As a defender of truth, the journalist has been keen on making the government accountable through their opinion pieces in one of the popular newspapers, Addis Fortune. It would seem that their critical appraisal of the government's performance has rattled some people in Prime Minister's Abiy's administration who have since resorted to fear and intimidation tactics. The journalist's experience made me think of John Galt and what he represents in our current society. You are probably wondering:
“Who is John Galt?”
Well, this is the question that is posed at the very outset of Ayn Rand’s Atlas Shrugged. While the book has faced its fair share of criticisms, it is an interesting read and you can glean from it what you wish. "Who is John Galt?" is the sort of question that seems to have no answer but the reader’s expectation is that it has to have one. Indulge me for a moment. In Greek mythology, Atlas is a god who carried the weight of the world on his shoulders therefore the question that comes to mind is why did he shrug and what is the effect given that he carries the world on his shoulders?
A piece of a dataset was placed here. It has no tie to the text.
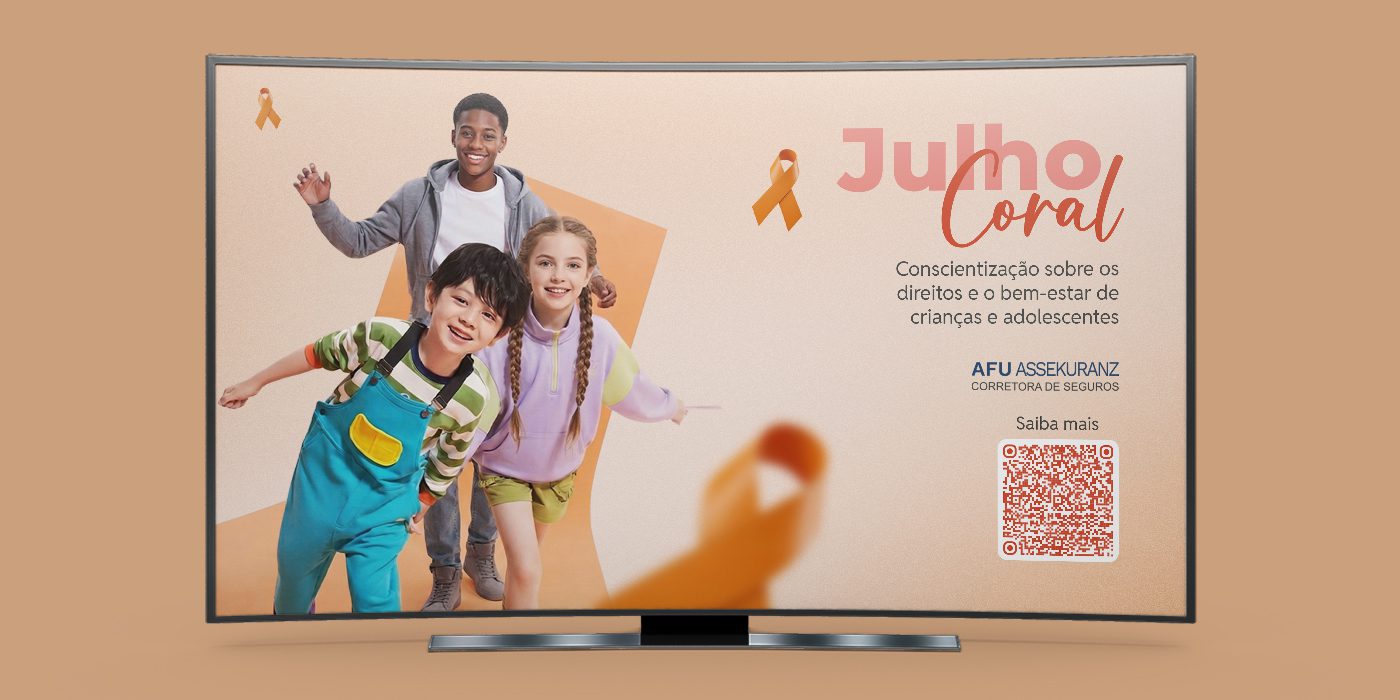 afu-repositorio-2026-07-tv-mockup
Cause and effect are defined absolutes, products of reason and logic that are constructs of the mind which are critical in understanding our environment. For instance, where we have an effect and are uncertain as to cause, logic dictates that we work our way backwards by formulating a theory, establishing variables that depict probable causes, eliminating or factoring in outliers and thereafter arriving at an inference as to cause based on available data. Where we have the cause, it is easy to hypothesize the effects and come up with solutions.
In this case we can posit that the effect is Atlas shrugged but the unanswered question is why? “Who is John Galt and how does he play into the story?” To answer this question we will have to use our formula for cause and effect. Atlas was a hero in Greek mythology and likewise we can commence by assuming that John Galt is either the hero or villain in this story. At this point we are uncertain about who he is as he is presented as a mystery. Is he a person? Is he a symbolism of an ideology or class of persons? Is he just an expression? Or does the question “Who is John Galt?” mean all three?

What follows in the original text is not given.